▶ _Task item_
The answer must reproduce every record exactly, with all pictures omitted.

▶ _Given records_
======
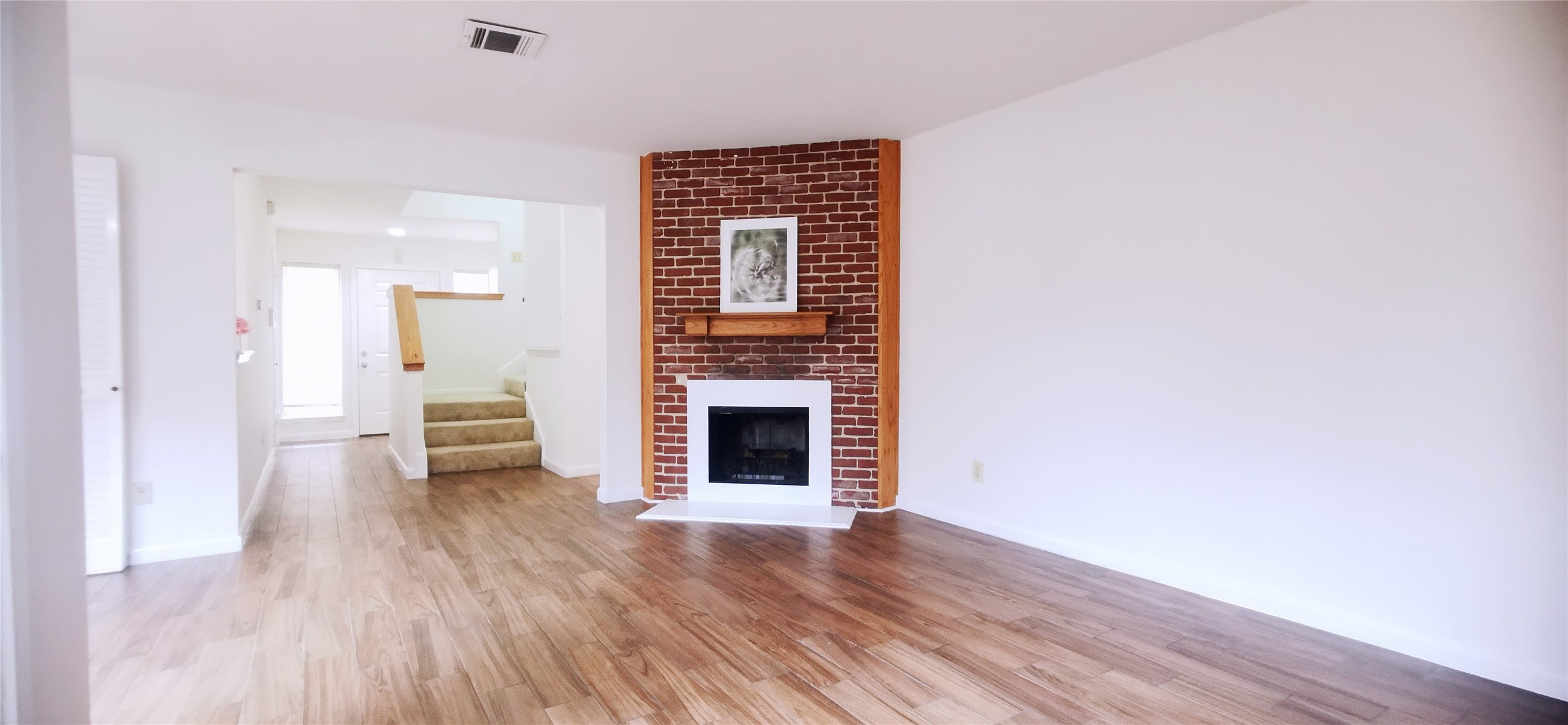 8313 Augustine Drive, Unit B Houston, TX 77036 - Photo 12 of 34 a view of an empty room with wooden floor and a fireplace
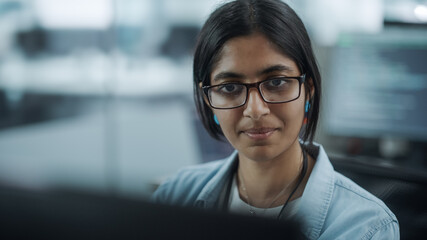 Diverse Office: Portrait of Empowered Indian IT Programmer Working on Desktop Computer. Female Specialist Wearing Glasses Create Innovative Software. Professional Engineer Develop Inspirational App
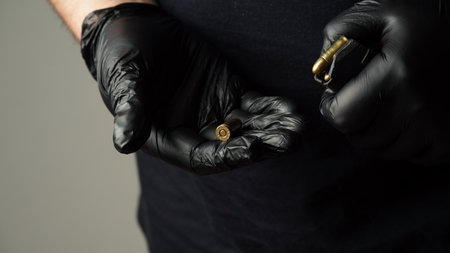 A man in a black T-shirt unload the pistol holder with 9 19 cartridges. Man`s hand holds  9 19mm pistol cartridgeの写真素材
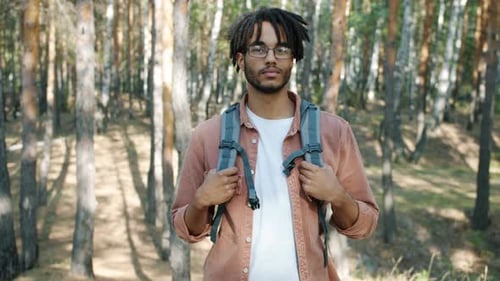 Porträt eines gut aussehenden afroamerikanischen Wanderers mit Rucksack, der an einem sonnigen Sommertag im Wald steht
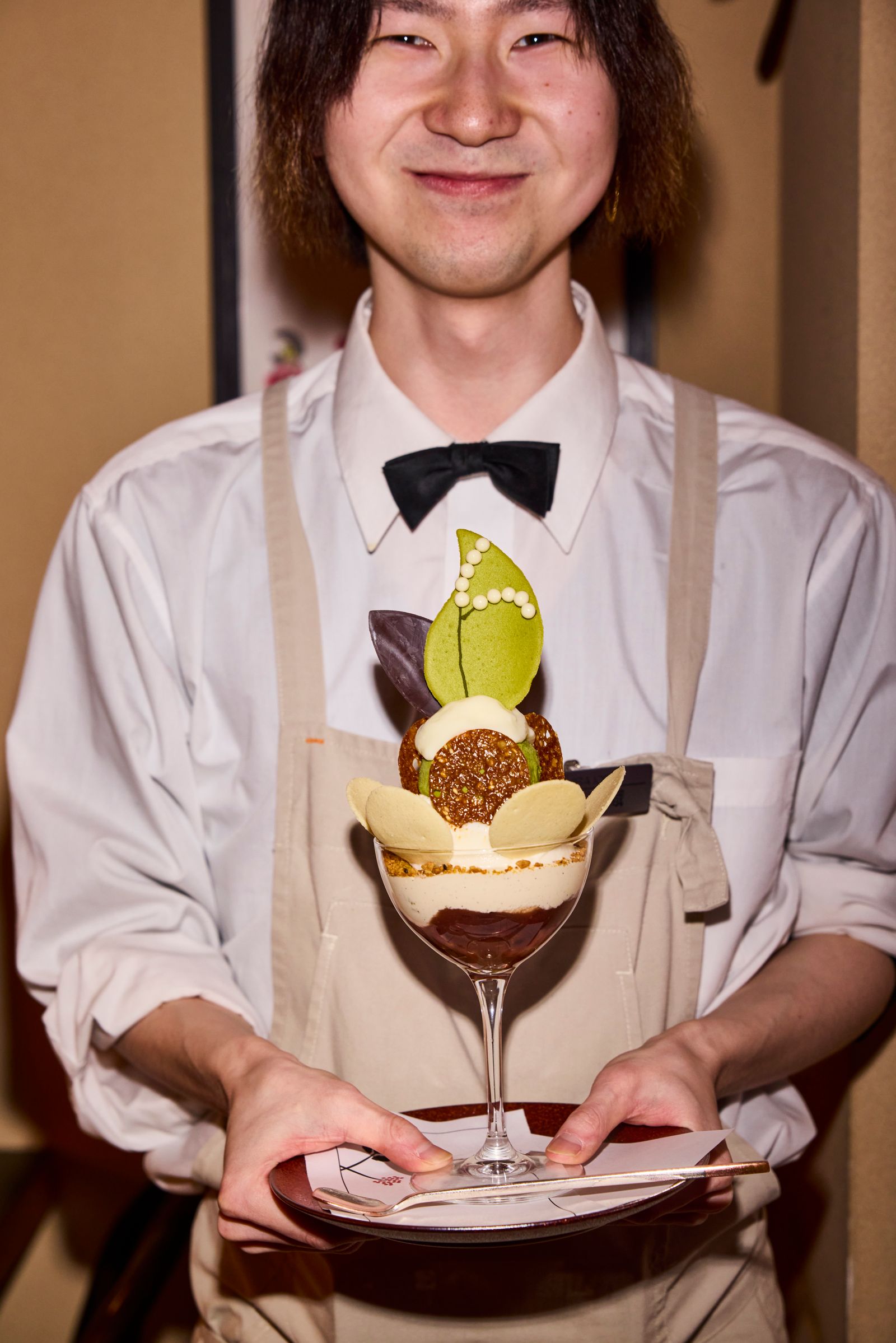 A person holding an elaborate, multi-layered Shime parfait in a Sapporo dessert shop.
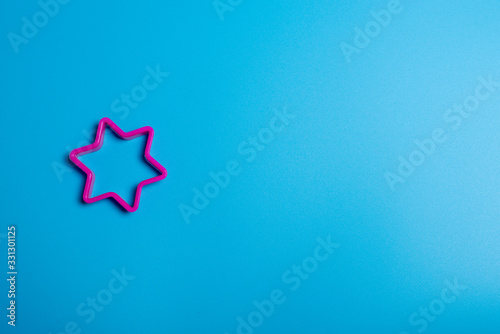 Pick plastic cookie cutter for making cookies in the shape of a star on a blue background. Culinary concept. Flat lay with copyspace.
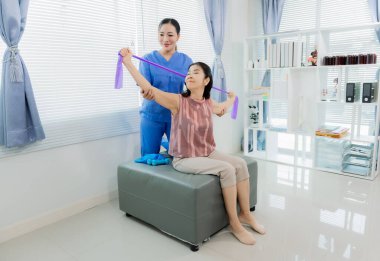 Asyalı fizyoterapist hastanın yatakta elastik bantla egzersiz yapmasına yardım ediyor. Klinikte orta yaşlı Asyalı kadınların elastik bantla egzersiz yapmasına yardım etmek..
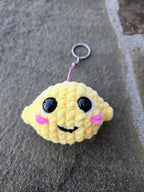 Crocheted Lemon Keychain Plush – Handmade Amigurumi Citrus Fruit Charm Accessory.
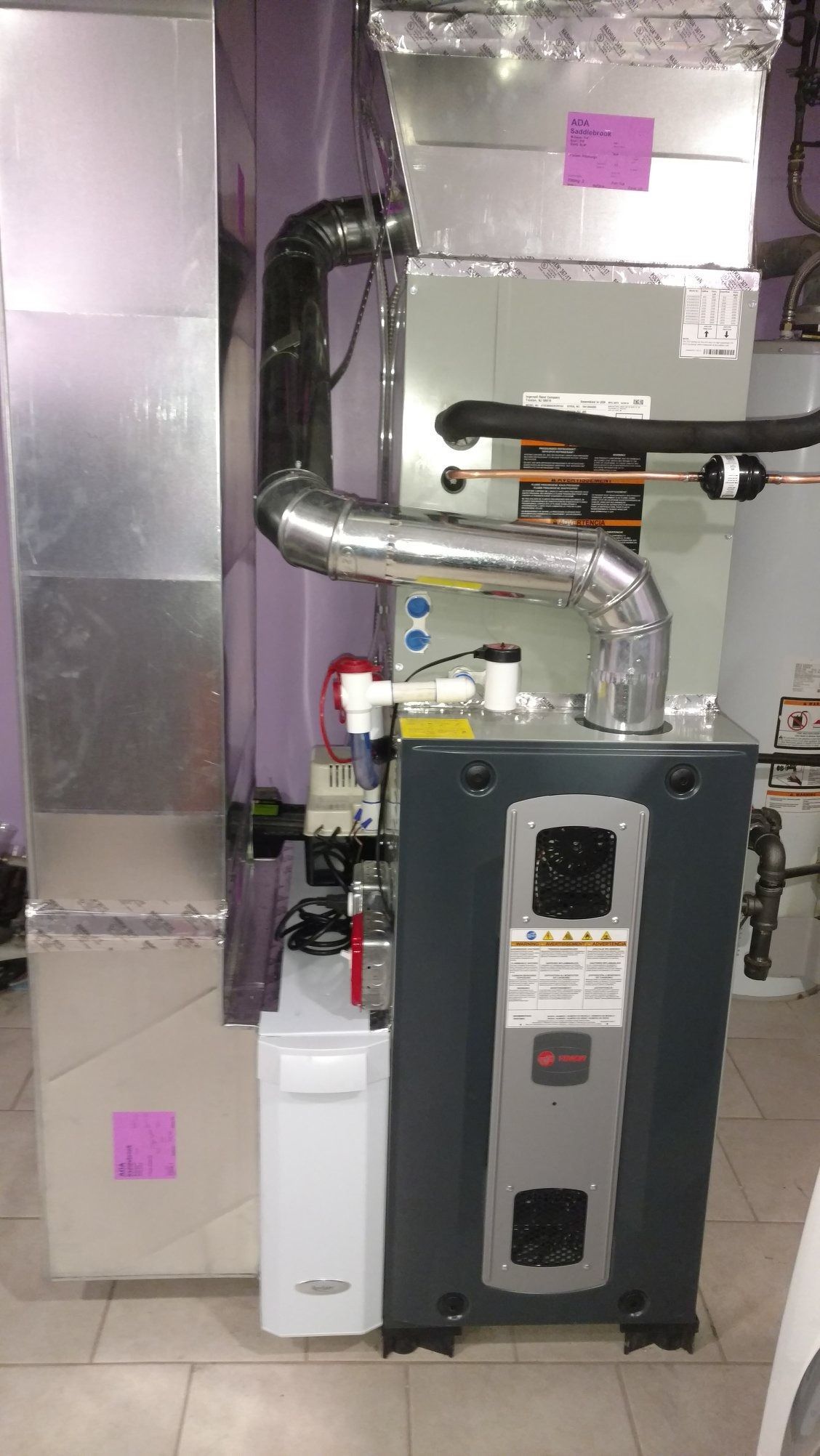 Furnace with ductwork and a condensation pump in a utility room; gray and silver.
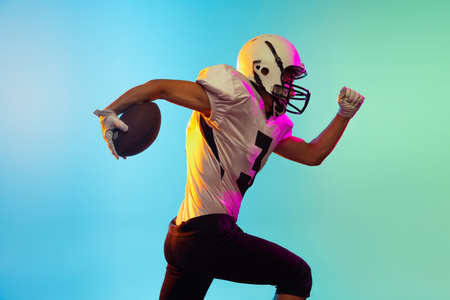 Portrait of American football player training isolated on blue studio background in neon light....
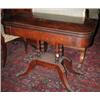 Image 1 : A Regency mahogany pedestal card table, the crossbanded rounded rectangular baize lined fold over t.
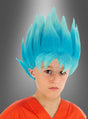 Ein Kind trägt die „Son-Goku-Kinderperücke blau aus Dragon Ball Super“ sowie ein orangefarbenes T-Shirt und posiert mit ausdruckslosem Gesicht vor einem grauen Hintergrund mit Farbverlauf; die blaue, stachelige Perücke erinnert an Son Gokus Verwandlung in den Super-Saiyajin Blue.
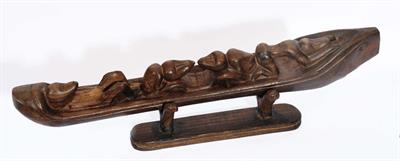 Lot 307 - A PAPUA NEW GUINEA MASSIM SOUL BOAT with four figures in a carved wooden boat on stand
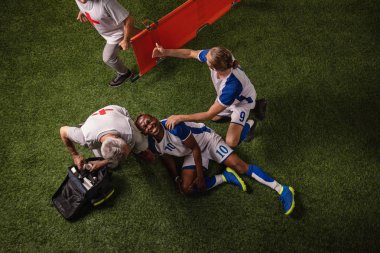 Soccer player injured leg during the game. Sport Doctors provide first aid to player on a professional football field clipart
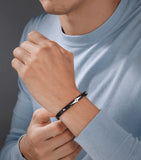Black leather bracelet with a silver-toned lightning bolt design in the center, flanked by small black studs.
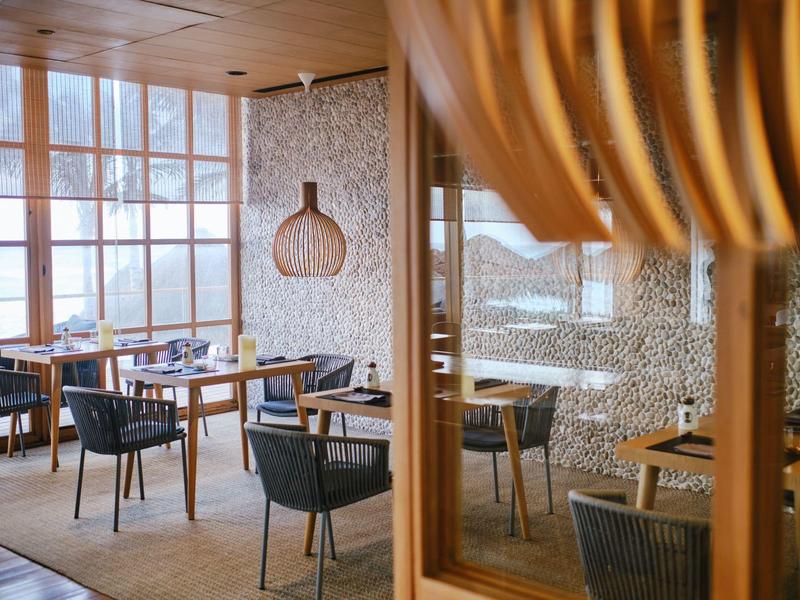 Ristorante luminoso con mobili in legno, grandi finestre e vista sulle montagne innevate.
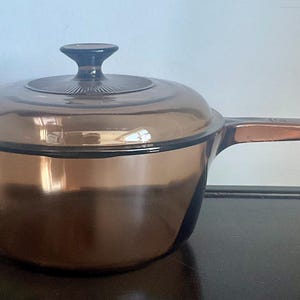May include: A translucent amber-colored glass saucepan with a matching lid. The pot features a single long handle on one side and a small tab handle on the opposite side. The lid has a central knob and a circular textured pattern on its top surface.
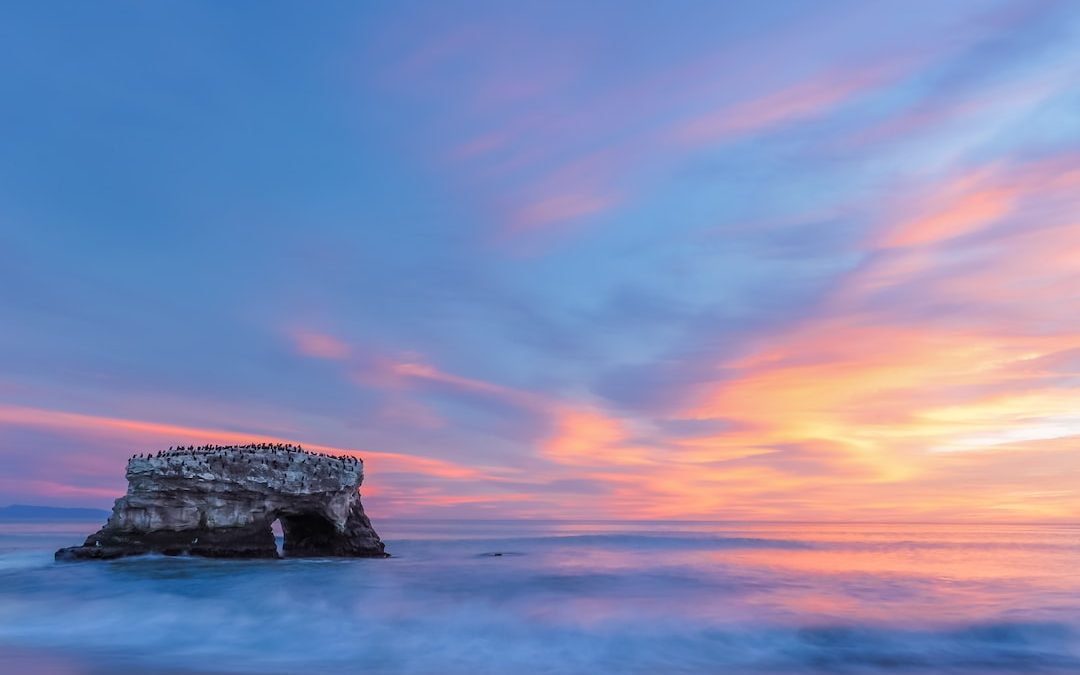 a large rock sticking out of the ocean under a colorful sky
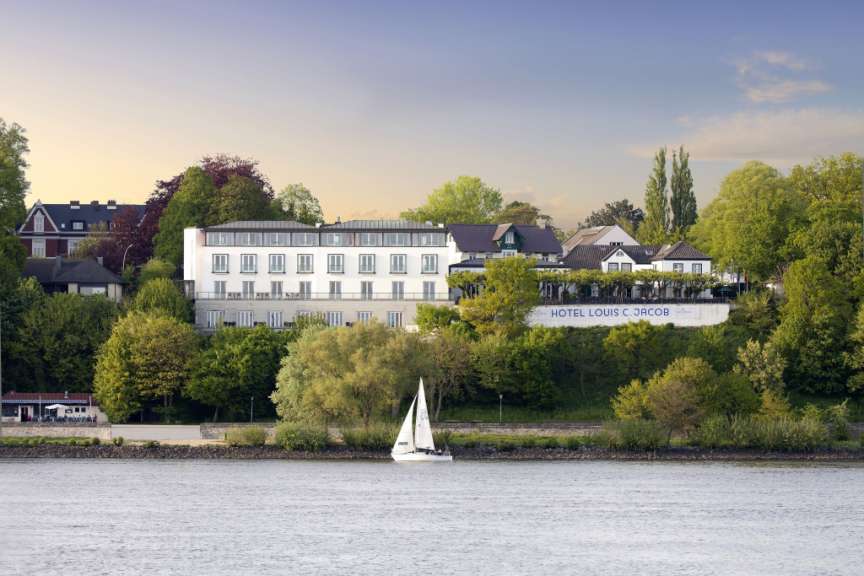 Das Bild zeigt ein Hotel mit dem Namen "Hotel Louis C. Jacob" am Ufer eines Flusses mit einem Segelboot im Vordergrund.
======
▶ _Solution to this exercise_
 8313 Augustine Drive, Unit B Houston, TX 77036 - Photo 12 of 34 a view of an empty room with wooden floor and a fireplace
 Diverse Office: Portrait of Empowered Indian IT Programmer Working on Desktop Computer. Female Specialist Wearing Glasses Create Innovative Software. Professional Engineer Develop Inspirational App
 A man in a black T-shirt unload the pistol holder with 9 19 cartridges. Man`s hand holds  9 19mm pistol cartridgeの写真素材
 Porträt eines gut aussehenden afroamerikanischen Wanderers mit Rucksack, der an einem sonnigen Sommertag im Wald steht
 A person holding an elaborate, multi-layered Shime parfait in a Sapporo dessert shop.
 Pick plastic cookie cutter for making cookies in the shape of a star on a blue background. Culinary concept. Flat lay with copyspace.
 Asyalı fizyoterapist hastanın yatakta elastik bantla egzersiz yapmasına yardım ediyor. Klinikte orta yaşlı Asyalı kadınların elastik bantla egzersiz yapmasına yardım etmek..
 Crocheted Lemon Keychain Plush – Handmade Amigurumi Citrus Fruit Charm Accessory.
 Furnace with ductwork and a condensation pump in a utility room; gray and silver.
 Portrait of American football player training isolated on blue studio background in neon light....
 Image 1 : A Regency mahogany pedestal card table, the crossbanded rounded rectangular baize lined fold over t.
 Ein Kind trägt die „Son-Goku-Kinderperücke blau aus Dragon Ball Super“ sowie ein orangefarbenes T-Shirt und posiert mit ausdruckslosem Gesicht vor einem grauen Hintergrund mit Farbverlauf; die blaue, stachelige Perücke erinnert an Son Gokus Verwandlung in den Super-Saiyajin Blue.
 Lot 307 - A PAPUA NEW GUINEA MASSIM SOUL BOAT with four figures in a carved wooden boat on stand
 Soccer player injured leg during the game. Sport Doctors provide first aid to player on a professional football field clipart
Black leather bracelet with a silver-toned lightning bolt design in the center, flanked by small black studs.
 Ristorante luminoso con mobili in legno, grandi finestre e vista sulle montagne innevate.
May include: A translucent amber-colored glass saucepan with a matching lid. The pot features a single long handle on one side and a small tab handle on the opposite side. The lid has a central knob and a circular textured pattern on its top surface.
 a large rock sticking out of the ocean under a colorful sky
 Das Bild zeigt ein Hotel mit dem Namen "Hotel Louis C. Jacob" am Ufer eines Flusses mit einem Segelboot im Vordergrund.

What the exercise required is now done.